The Million? That’s the ostentatious but quietly shepherded name of the DOE’s free cell phone. The name is apparently premised on the idea that the City’s one million public school students from Pre-K-12 (you have to include Pre-K to top one million students in the DOE’s official 10/31/07 register) are all potential recipients. Doubtless among that million are hordes of Pre-K to Grade 4 children whose parents relish the idea of cell phones in their wee ones’ hands, just as there are doubtless equal hordes of NYC high schoolers simply salivating over the prospect of a DOE-monitored and DOE–controlled, limited functionality cell phone.
Back to the award, though.
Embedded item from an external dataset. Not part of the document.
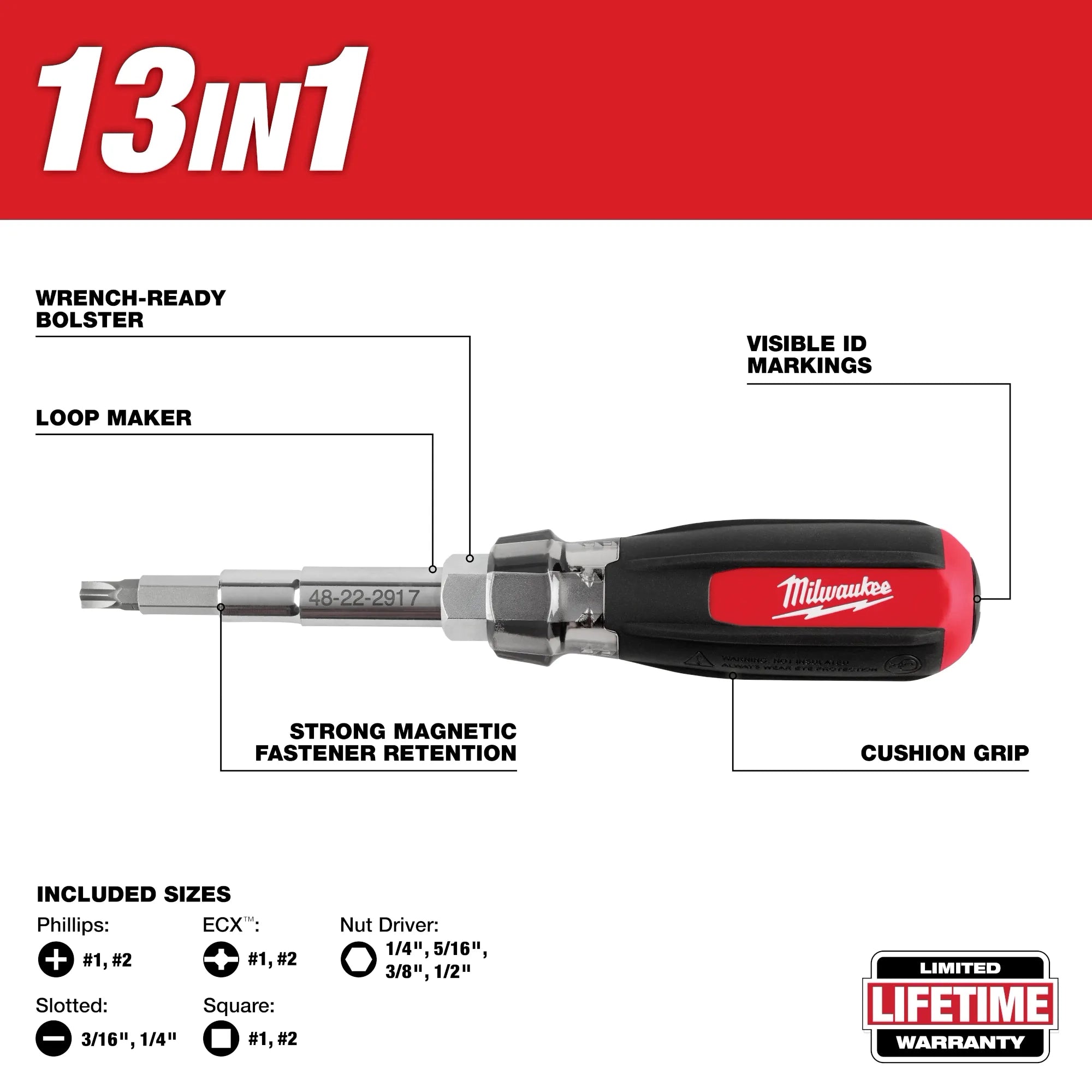 Milwaukee 48-22-2917 13-in-1 Magnetic Multi-Bit Screwdriver - Edmondson Supply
The Cannes Lions International Advertising Festival is exactly that – an advertising industry awards extravanza. Winners are chosen not for the merits of their products or programs but for their promotional packaging effectiveness. Otherwise, the DOE’s free cell phone idea would certainly have difficulty standing next to some of its competitors this year: anti-smoking, homelessness, HIV testing, Down Syndrome, environmental awareness, and drinking water shortages in the less-developed world, to name several. Droga5’s, and by inference the DOE’s, Titanium Award was not granted by experts in the field of academics, but by experts in the arts of style over substance, of emotion and misdirection over logic and content. A truly fitting award, indeed, for the City’s current educational regime.
A look at Droga5’s video submission (it's worth watching the whole thing) to the Cannes Lion Festival makes it clear why the advertising industry was so enamored of their campaign. Yes, it’s graphically slick, as expected from an agency whose client list includes Coca-Cola, Microsoft, Adidas, ecko unltd., and MTV. Better from an advertising standpoint, though, are the prominent displays of the names Samsung and Verizon on the cell phone itself. Better still are the “rewards” programs, featuring among others AMC Theaters, Adidas, Apple Computer, Macy’s, Foot Locker, Sean John, Virgin Megastores, all members of an innocuously described “responsible, on-screen corporate partnership” whose participation ensures that “The Million pays for itself.”
What branded product executive wouldn’t positively drool at the prospect of reaching into the purported Million young minds every day through a free, school system certified, advertising message delivery system? No wonder the folks at Cannes handed The Million its Titanium award -- they could probably barely contain themselves over the prospect of a captive student cell phone rollout across America’s major urban school systems. In Droga5’s video, DOE’s Chief Equality Officer Roland Fryer was already alluding to inquiry calls from the Chicago and Houston public school systems. The video closes with gushing accolades from the education experts at Esquire Magazine (a Droga5 client), Conde Nast, and (wonder of wonders!) Bloomberg News.
The DOE also proudly announced that The Million program was piloted in seven middle schools this year (starting back in February). While those schools are seldom if ever mentioned by name, The Million’s own website identifies four of the seven as KIPP charter schools – Academy Charter, A.M.P. Charter, Infinity Charter, and S.T.A.R. College Preparatory. The remaining three are Ebbetts Field Middle School (K352), JHS 234 - Arthur Cunningham (K234), and IS 349 – Math, Science & Tech (K349), all in Brooklyn. All three of the non-charter middle schools received grades of B on their last year’s School Progress Reports. Although the cell phone rewards were ostensibly connected to positive student behaviors, all three schools declined from between 0.2% to 1.0% in attendance rate this year compared to last year. All three schools did, however, show positive increases in the percentage of students who scored proficient (3 or 4) on the Math and ELA exams despite noticeable longitudinal (cohort) declines from Grade 7 to Grade 8 in Math (-9%) and ELA (-12%) at Math, Science & Tech and a smaller decline (-4%) in Math from Grade 6 to Grade 7 at Ebbetts Field.
The DOE’s press release closed with the declaration that, “Pending available funding, the plot will grow to reach 10,000 students during the 2008-09 school year.” Funding from which corporate sponsor(s), do you think?